My thoughts exactly, thank you Jay Michaelson for such clear, honest writing in a world where nothing seems clear anymore (as I guess it never was).
This morning I read a usually very thoughtful friend and renewal rabbi saying that the Palestinian prisoners are also hostages, and when we demand release of hostages prior to ceasefire that should include those prisoners. If he doesn’t understand the difference between people detained for suspicion of intent to commit acts of terrorism (even if their held unfairly and for far too long) and people abducted from their homes etc with no intent to harm, then we are really in a world where words rule over thinking, where ideology rules over humanity, rather than the opposite.

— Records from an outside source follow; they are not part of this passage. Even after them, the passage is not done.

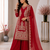Red Color Embroidery And Sequence Work Silk Blend Salwar Suit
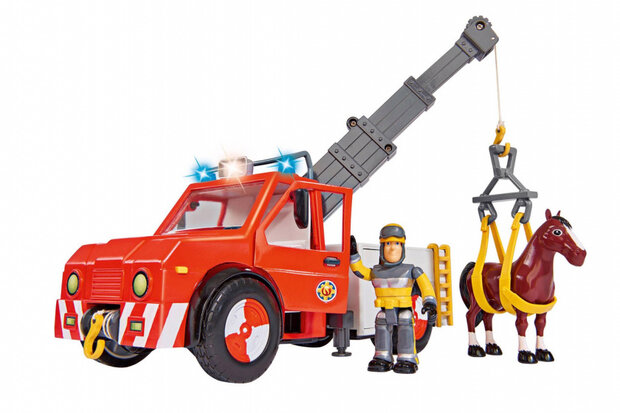 brandweerwagen Sam junior 23 cm rood/grijs 3-delig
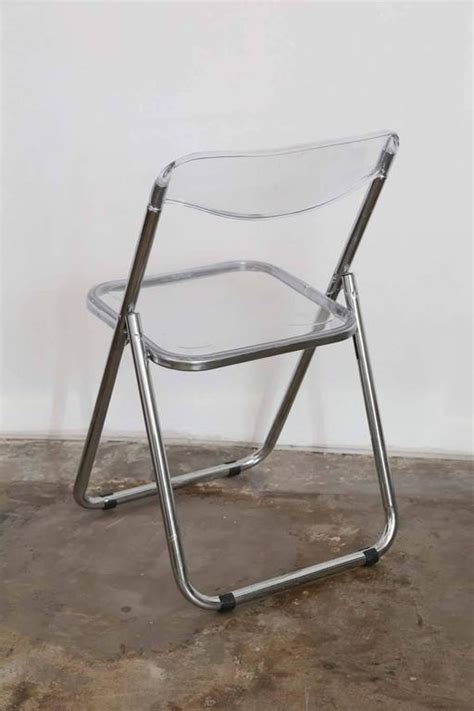 Set Of Six Mid Century Modern Lucite Chrome Folding Chairs 3 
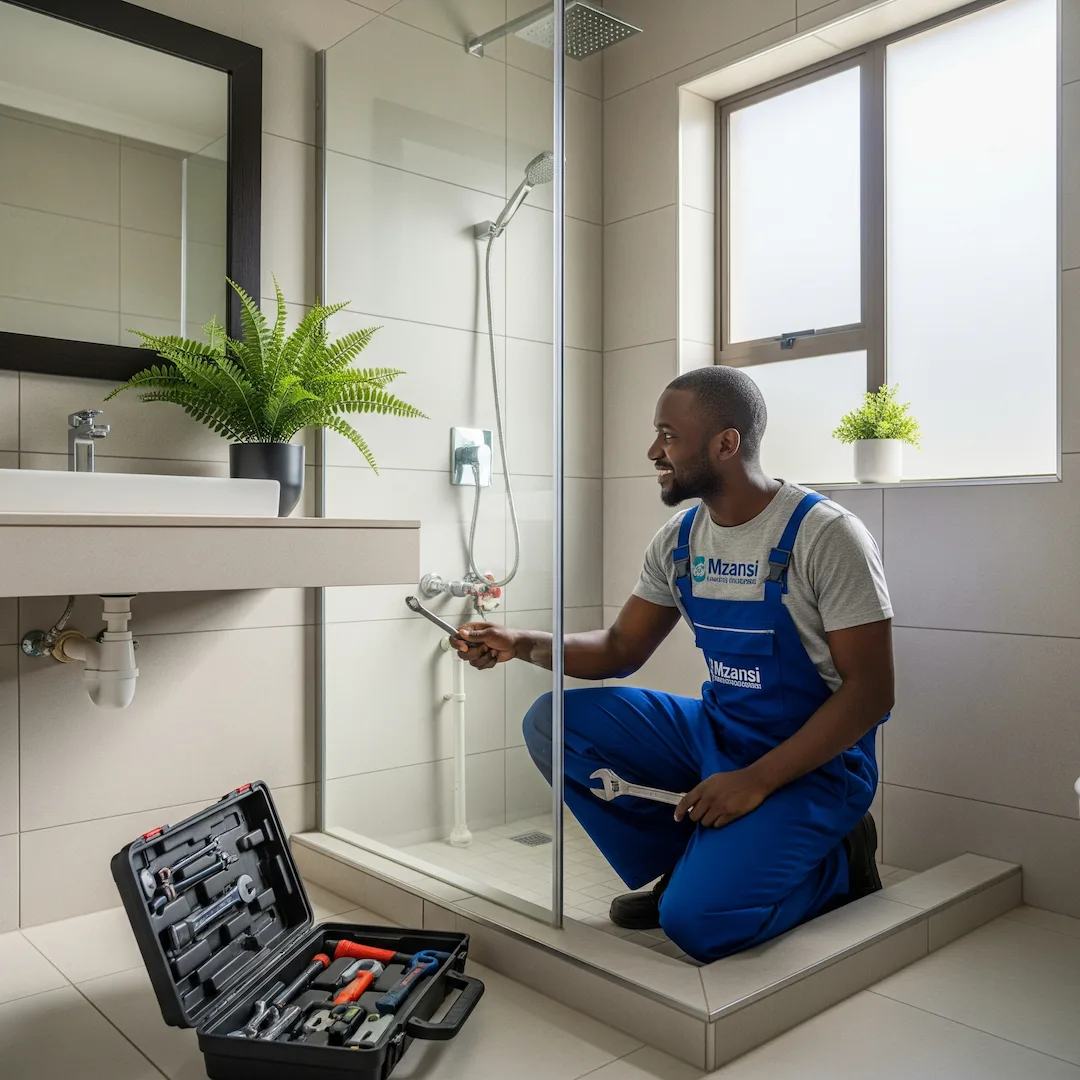 South African Plumber repairing shower fittings and fixtures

As you know, I appreciate the attempt to ask and clarify what we actually mean by these terms, but I think in a few cases, you're trying too hard to reinvent the wheel: it is true the hostages are held by force, but that, in other cases, has not prevented/violated a ceasefire. Israel had ceasefires with Hamas while Gilad Shalit was being held; they have had ceasefires when, like now/always, Israel holds Hamas prisoners by force... in a million cases in world history, I'm sure, ceasefires have been enacted while one or both sides held captives from the other side by force. Likewise, just because neither side is willing to give into the *initial/biggest* demands of the other doesn't mean there isn't room for negotiation. Hamas has given up 4 hostages - for what? Who knows, but it's not the kindness of their hearts. There is some negotiation that happened, which proves that some amount of negotiation with them (by 3d parties, which will be necessary in any case) is possible.
Thank you, Jay, for articulating this and the distinguishing that while we may want to "Cease the Fire" the collective call for a ceasefire is highly problematic for reasons you outlined.
Wouldn’t a ceasefire, or pause, allow for humanitarian aid to be distributed. Sunday 33 trucks were able to cross into Gaza, at that point the most able to get across the border since the parties negotiated opening the border for aid. Humanitarian orgs say at least 100 trucks of food, water and fuel are needed. Wouldn’t a ceasefire assist in being able to distribute aid. That has been what many countries and the UN have been calling for.
The main center-left/far-left divide seems to be about this. Blinken and maybe majority of Dems in Congress, and J Street in Jewish politics, are calling for "humanitarian pauses", while "the Squad" and groups like JVP are calling for "cease fire". I think it is important, as Jay attempts to do, to try to figure out what, beyond but also including aesthetics, is the difference in the language.